Good players tell their GM they have no interest in the premise and/or tone of the game they want to run in Session 0, and don't expect the GM to just sublimate their own fun so they can have theirs.
 

Reynard

Legend
Good players tell their GM they have no interest in the premise and/or tone of the game they want to run in Session 0, and don't expect the GM to just sublimate their own fun so they can have theirs.
This is also true, but in the example given my guess is the players THOUGHT they were making LotR characters and not Spongebob characters because those definitions exist in someone's own head. If the GM wanted serious, traditional fantasy only characters with an elf, a dwarf, a ranger and a couple hobbits, they should have said that. Making your players guess what you mean is a fast track to disappointment.

But my point still stands: your players are telling you what they want to do by what their characters look like.
 

Good players tell their GM they have no interest in the premise and/or tone of the game they want to run in Session 0, and don't expect the GM to just sublimate their own fun so they can have theirs.
There is no more requirement for players to be good than DMs to be good. If everyone waited until they got good no one would do anything.
 

Or it means they have little familiarity with anything outside WotC 5e, because it's orders of magnitude more well known than everything else. Also, people play with friends often, and sometimes friends step out of their narrow gaming boxes occasionally and try something different. Given the popularity gap, your philosophy would have nearly no one playing anything but WotC 5e. That in my opinion would be a pretty boring community, and I will fight against it any chance I get.

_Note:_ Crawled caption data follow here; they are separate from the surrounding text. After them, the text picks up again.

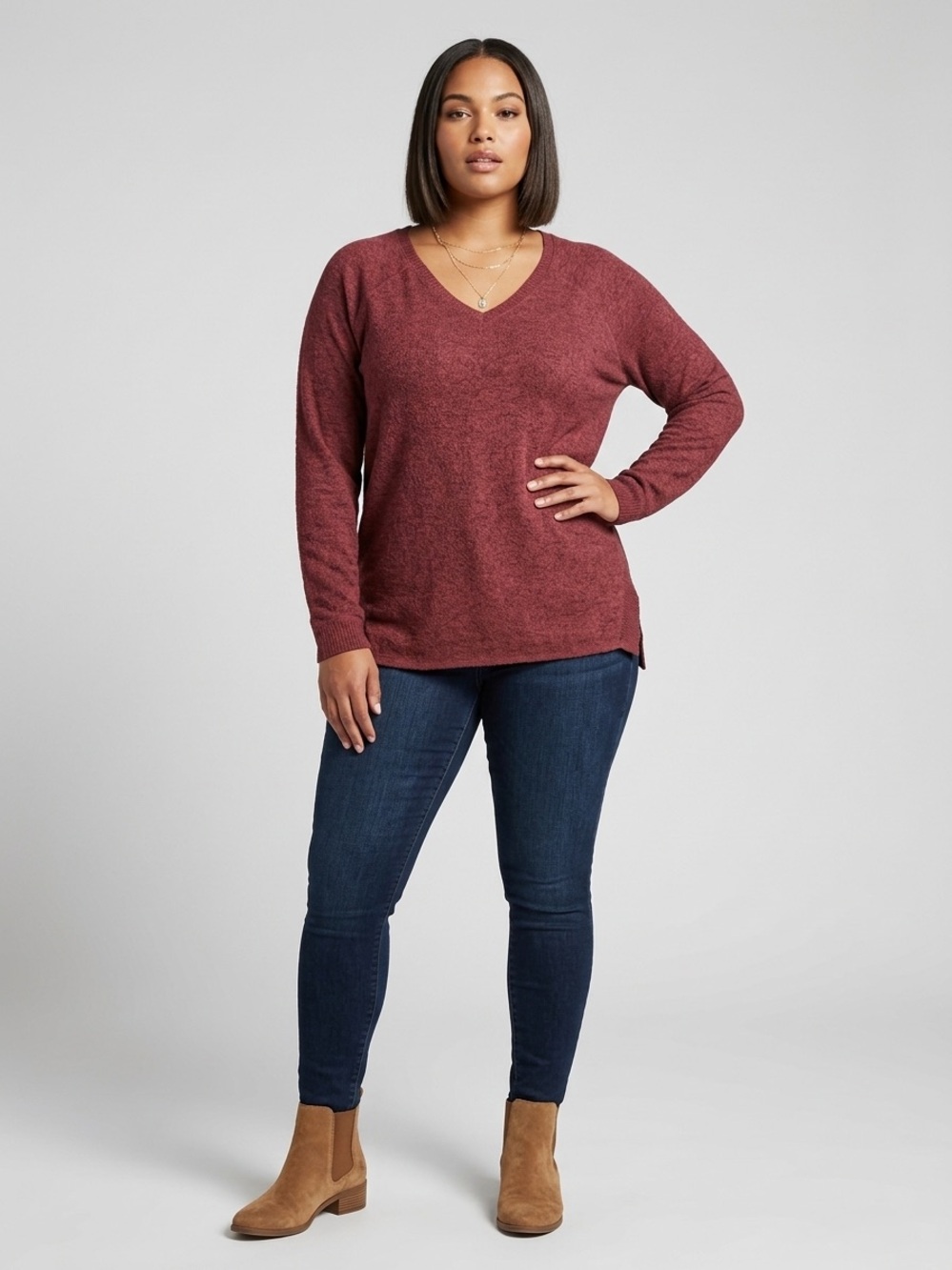 Maurices Burgundy V-Neck Long Sleeve Sweater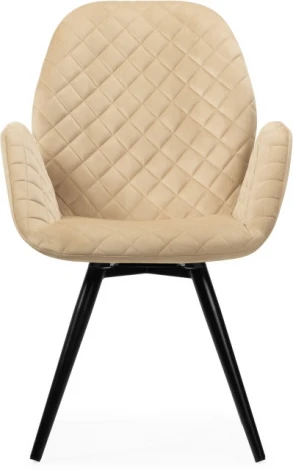 Стул на металлокаркасе Woodville Муат бежевый / черный глянец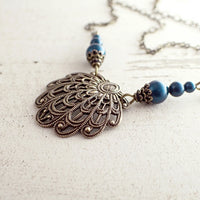 Victorian Filigree Seashell Necklace in Dark Teal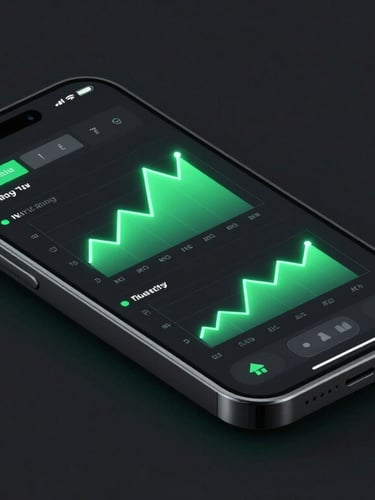 Sleek 3D digital render of an isometric smartphone displaying a clean retail trading app UI with neon-green charts, high-contrast digital glow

Case in point. My friend recently got a playtest copy of Daggerheart (the CR RPG) and wants to run it for us. Based on everything he's told us about it, and what I've learned myself, I have zero reason to expect I would enjoy this game (it's very much a storygame to my mind), but I'm going to try it out anyway, as a favor to my friend and because I might be wrong.
Similarly, you could always roll out 2nd edition and ask who is up for it.
 

Micah Sweet

Level Up & OSR Enthusiast
This is also true, but in the example given my guess is the players THOUGHT they were making LotR characters and not Spongebob characters because those definitions exist in someone's own head. If the GM wanted serious, traditional fantasy only characters with an elf, a dwarf, a ranger and a couple hobbits, they should have said that. Making your players guess what you mean is a fast track to disappointment.

But my point still stands: your players are telling you what they want to do by what their characters look like.
Fair enough. What I'm saying is that what they want to do is not more important than what you want to do.